File "/usr/share/opscenter/lib/py-debian/2.7/amd64/twisted/internet/defer.py", line 1020, in _inlineCallbacks
result = g.send(result)
File "/usr/lib/python2.7/dist-packages/opscenterd/WebServer.py", line 1939, in SchedulesGetController
File "/usr/lib/python2.7/dist-packages/opscenterd/Schedule.py", line 213, in getAllSchedules
File "/usr/lib/python2.7/dist-packages/opscenterd/Schedule.py", line 175, in _assert_loaded
I've tried to restart opscenterd service as well as rebooting the opscenter machine itself but it didn't make any difference. The error says there might be some connectivity issue, but what port/protocol is opscenter using to load these scheduled jobs? (there is no firewall between opscenter and cassandra nodes) There is no alert in the cluster, and agents are all connected according to opscenter's GUI.
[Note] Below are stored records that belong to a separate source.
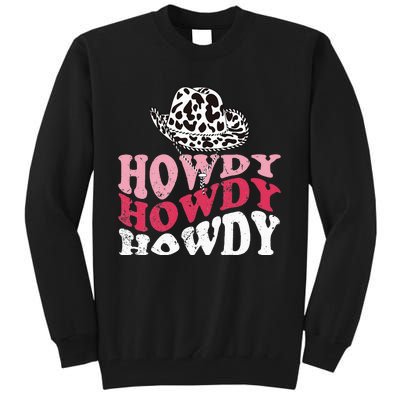 Howdy Cow Rodeo Dairy Cow Print Tall Sweatshirt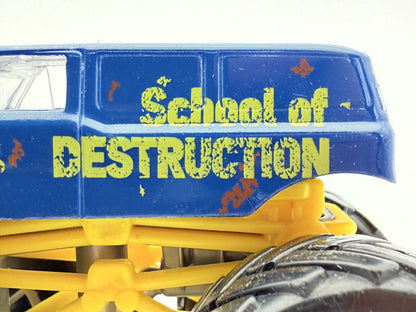 School Of Destruction Hot Wheels Niebieski 1:64 – zdjęcie 4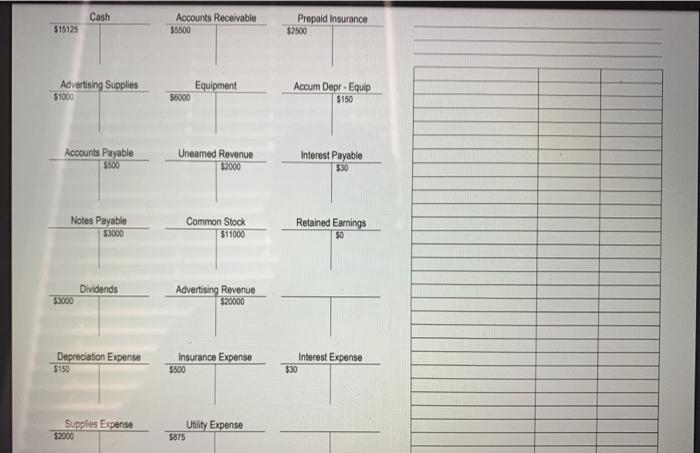 $3000 cash BT Purchased $6,000 of computer equipment by paying $3,000 in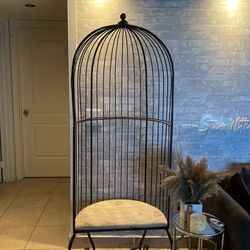Birdcage accent chair sale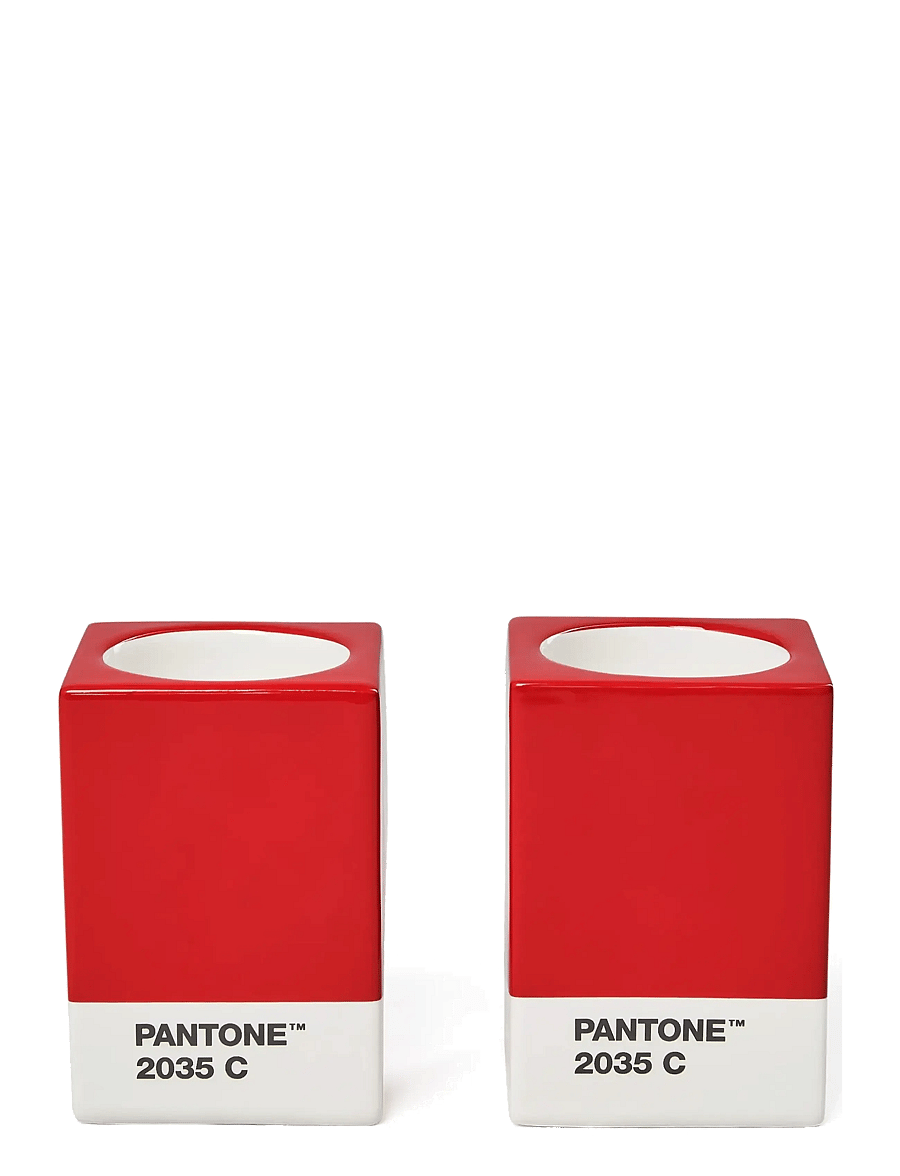 PANTONE - Pantone Candlestick set of 2 - küünlajalad - red - 2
I couldn't find any relevant trouble shooting documentation ... how can we recover opscenter from this situation?
Issue is around when schedules settings get in messed up state. If you schedule a one time only run, and opscenterd is down when it is scheduled to run, then on startup opscenterd dies loading that schedule.
If you don't have anything particularly important stored there is an easy fix. Shutdown off opscenter, use cqlsh to drop keyspace "OpsCenter";
and restart opscenter.
Otherwise you have to hand clean up some of the schedules in OpsCenter.settings
table that got messed up. This is fixed in 6.0, so if you upgrade it wont happen again.